Ah ! cet ébahissement de Paoli à se trouver là…, comme un miraculé venant de recevoir la grâce divine… Que de salamalecs pour nous vanter, à nous pékins d’auditeurs, le « caractère exceptionnel», dixit Stéphane Paoli, de la situation et de l’entretien annoncé ! Pour ma part, des journalistes ainsi reçus dans les « ors de la république islamique » – en l’occurrence, un des endroits les plus sécurisés d’Iran, le Conseil suprême de sécurité nationale…, c’est tout dire –, je trouve ça plus que suspect. La question étant alors, à dérouler ainsi les tapis, de se demander qui a le plus d’intérêt à quoi ?
Mais Paoli n’en revenait pas qu’un homme comme Ali Larijani, secrétaire du même Conseil suprême de sécurité nationale de l’Iran, « accepte » – tu parles, et comment que j'accours ! – ainsi de répondre « en direct » à des questions de journalistes occidentaux. Et cela, je cite toujours le patron du « 7-9», alors que l’ « entretien n’a pas été préparé» [Ah bon, parce que d’habitude… ?] et que « Monsieur Ali Larijani, secrétaire du même Conseil suprême de sécurité nationale de l’Iran, aussi puissant que le président, n’a pas souhaité connaître à l’avance nos questions» [Ah bon, parce que… ?]
Comme si les questions en question n’étaient pas prévisibles… Comme si on allait parler, je sais pas, …du tango argentin dans la culture persane. Mais pouvait-il toutefois s’attendre à cette première double question tellement complaisante : « Pourquoi acceptez-vous de parler aujourd’hui ? Y a-t-il, dans votre communication un enjeu politique de première importance ? » Et le Ali Larijani, qui aurait tout aussi bien pu répondre « Tu l’as dit bouffi ! », remercie infiniment des remerciements et se lance dans une envolée pompeuse sur les médias et la démocratie… « Les peuples ont le droit de connaître les vérités telles qu’elles sont »… Et d’ajouter «J’apprécie beaucoup les médias», [;-) ] avant de distinguer entre « trois éléments : la face réelle, l’élément médiatique, et le politique et le diplomatique. C’est pas la même chose nécessairement… » Certes, pas nécessairement, mais à l’occasion, ça peut.
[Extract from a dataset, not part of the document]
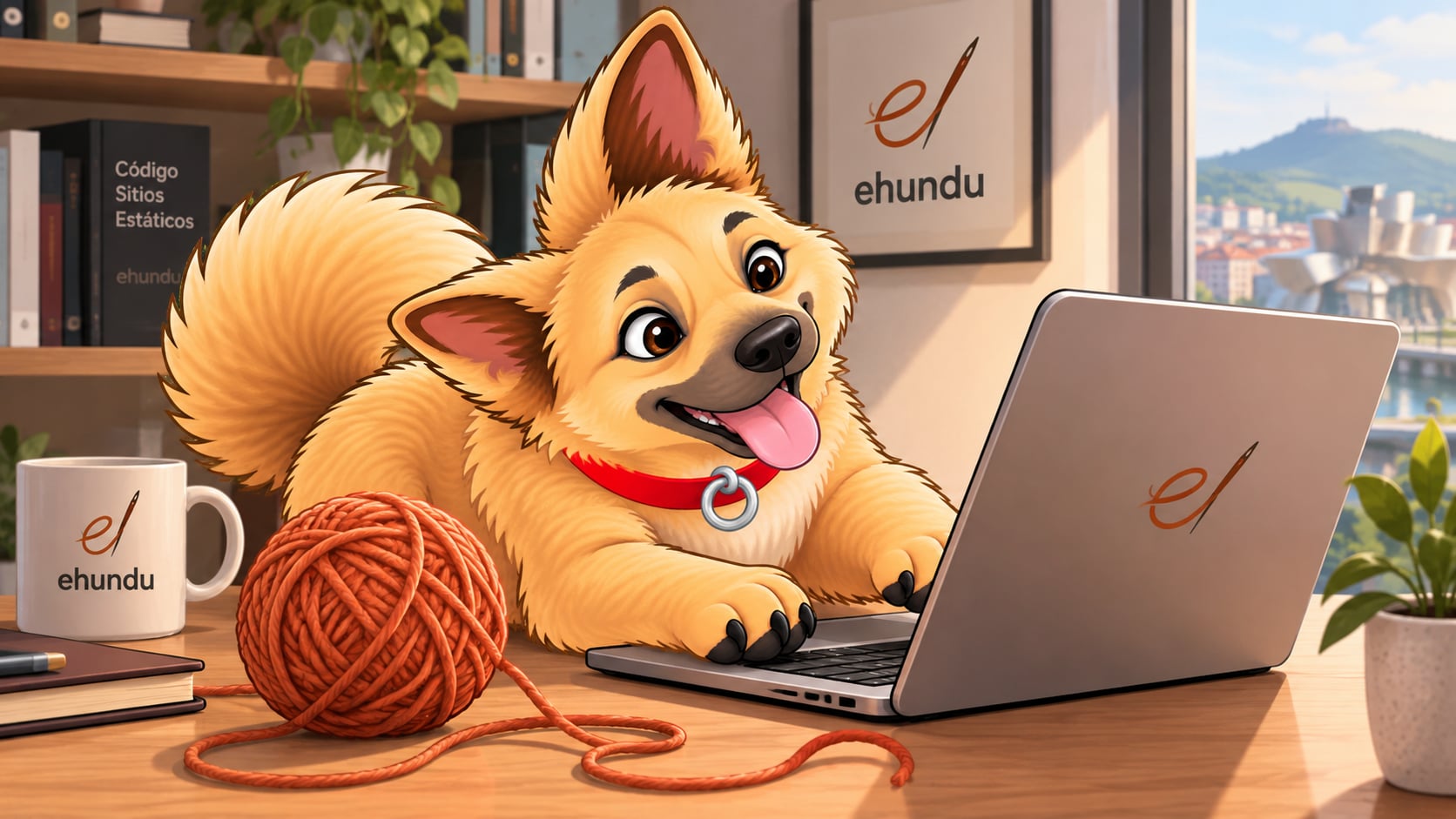 Ilustración de Nidel, el perro mascota de Ehundu, tecleando en un portátil con el logotipo de la aguja, junto a un ovillo de lana naranja y una taza de Ehundu, con Bilbao y el Guggenheim al fondo por la ventana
Comme par exemple, un de ces jeudis matin qui, décidément, ne font plus vraiment « écouter la différence ».
Même Guetta s’est montré aussi convaincu et fervent qu’il le fut lors du référendum européen lorsqu’il a ponctué le « Non, nous ne voulons pas de la bombe ! » de Larijani comme une preuve de la crédibilité diplomatique iranienne… Et s’il a quelque peu nuancé par un « du moins, ce refus affiché », ce fut pour aussitôt souligner les « raisons extraordinairement rationnelles » avancées – dans le même sens – par les autres diplomates qu’il avait pu rencontrer.
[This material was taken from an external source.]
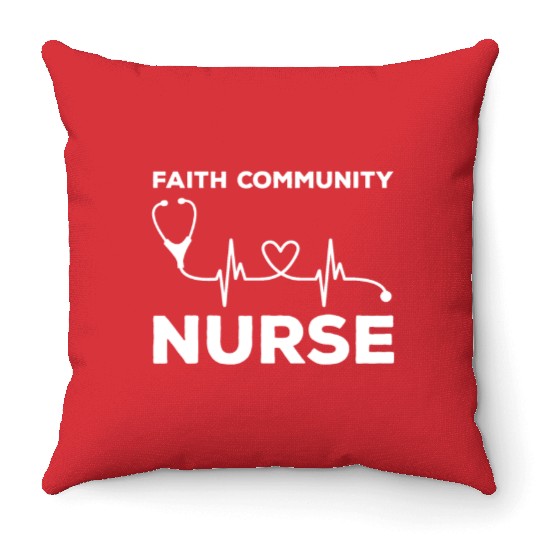 Faith Community Nurse Outfit Religious Throw Pillows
Pour moi, tout ça c’est à plein du journalisme institutionnel, la plaie du métier. Même si, sur le fond, on peut espérer que ces propos de paix – qui n’engagent après tout que ceux qui les croient –, s’avèrent devant l’Histoire. Laquelle en a vu d’autres, et l’histoire de la presse aussi.
Entendu ce midi le médiateur de France inter se gargariser des émiles louangeux envoyés par des auditeurs au sujet de l’émission « iranienne ». Et pas un pour rouspéter, objecter, questionner, interpeller ? Tss, tss ! Ou bien Pépin filtre à mort, ou bien c’en serait fini de l’esprit crique, ce bien si mal en point… Ah ! je meurs…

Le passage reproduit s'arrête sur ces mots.